Following Chemistry Through the HRSG Circuit

A number of different HRSG designs are possible, and space limitations prevent a chemistry discussion of these variations. For this article, we will utilize a very common design shown schematically below.

This design is termed, as can be found in the literature [1], a “feed forward low-pressure (FFLP)” HRSG, where all of the feedwater passes through the low-pressure HRSG evaporator for pre-heating. A small amount of steam is taken off the LP drum, but the vast bulk of the fluid is distributed to the high-pressure (HP) and, to a much lesser extent, intermediate-pressure (IP), evaporators. Also note that this schematic includes an external deaerator (DA). In many designs, the DA is integral to the LP drum. But, the issue of deaeration brings up a more important point, where advancements in chemistry control have in many cases eliminated the need for a deaerator. The following discussion does not include deaeration.

Chemistry control and monitoring have four primary goals during normal operation:

  • Protect the entire steam generation network from general corrosion.
  • Protect those areas (feedwater system, economizer, low-pressure evaporator) that are most susceptible to flow-accelerated corrosion.
  • Minimize impurity ingress (the condenser is the prime location), which can cause severe localized corrosion, particularly in the HRSG evaporators.
  • Protect the steam turbine from transport of impurities that can induce corrosion and deposition.

Also very important but often overlooked is corrosion protection when the unit is off-line. The author will hopefully be able to re-address this subject in a future article for Power Engineering.
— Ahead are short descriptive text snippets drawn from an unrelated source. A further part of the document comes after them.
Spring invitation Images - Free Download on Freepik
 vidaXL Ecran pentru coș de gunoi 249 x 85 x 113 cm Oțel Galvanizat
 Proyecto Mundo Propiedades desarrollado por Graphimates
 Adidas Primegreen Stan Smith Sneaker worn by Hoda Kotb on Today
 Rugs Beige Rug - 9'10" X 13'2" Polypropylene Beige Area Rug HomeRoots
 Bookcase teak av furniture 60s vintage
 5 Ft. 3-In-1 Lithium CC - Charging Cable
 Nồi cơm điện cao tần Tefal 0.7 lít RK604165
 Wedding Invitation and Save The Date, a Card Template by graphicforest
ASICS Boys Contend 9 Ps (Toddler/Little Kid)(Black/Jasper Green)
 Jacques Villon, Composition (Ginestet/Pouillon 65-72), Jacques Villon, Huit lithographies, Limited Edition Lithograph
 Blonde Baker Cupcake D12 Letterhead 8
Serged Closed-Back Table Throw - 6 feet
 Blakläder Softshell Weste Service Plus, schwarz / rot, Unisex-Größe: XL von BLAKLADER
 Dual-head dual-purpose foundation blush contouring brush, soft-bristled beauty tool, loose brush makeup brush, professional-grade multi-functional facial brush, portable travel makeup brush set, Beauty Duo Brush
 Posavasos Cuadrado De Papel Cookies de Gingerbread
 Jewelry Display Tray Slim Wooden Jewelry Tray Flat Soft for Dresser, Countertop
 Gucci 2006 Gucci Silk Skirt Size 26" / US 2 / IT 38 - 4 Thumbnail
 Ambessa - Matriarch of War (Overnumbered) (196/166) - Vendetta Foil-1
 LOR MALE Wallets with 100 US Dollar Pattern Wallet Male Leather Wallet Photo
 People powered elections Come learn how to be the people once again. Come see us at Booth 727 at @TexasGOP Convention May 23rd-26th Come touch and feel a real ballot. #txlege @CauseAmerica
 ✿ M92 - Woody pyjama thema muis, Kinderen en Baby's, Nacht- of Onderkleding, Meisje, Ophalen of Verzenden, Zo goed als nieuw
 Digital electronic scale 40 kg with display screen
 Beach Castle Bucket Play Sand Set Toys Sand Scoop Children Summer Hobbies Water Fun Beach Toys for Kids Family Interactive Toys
We will begin our review of important monitoring details and chemistry control with the makeup water treatment system and then progress forward.

Makeup Water System

High-purity water is a requirement for high-pressure steam generators. Very common in the industry now is a core treatment method of two-pass reverse osmosis (RO), with polishing of the RO effluent either by portable mixed-bed (MB) ion exchangers or electrodeionization (EDI). Excluding RO and EDI instrumentation from this discussion, the recommended continuous readings and normal limits of the system effluent are:

  • Specific conductivity: ≤0.1 μS/cm
  • Sodium: ≤2 parts-per-billion (ppb)
  • Silica: ≤10 ppb

Specific conductivity provides a blanket measurement of all impurities in the stream. Sodium is the most weakly held ion on the cation exchange resin of a mixed-bed unit, and is the first cationic constituent to come off if the resin reaches exhaustion. Silica is the most weakly held constituent on the anion resin, thus anion effluent silica analyses are very helpful for monitoring bed performance and exhaustion.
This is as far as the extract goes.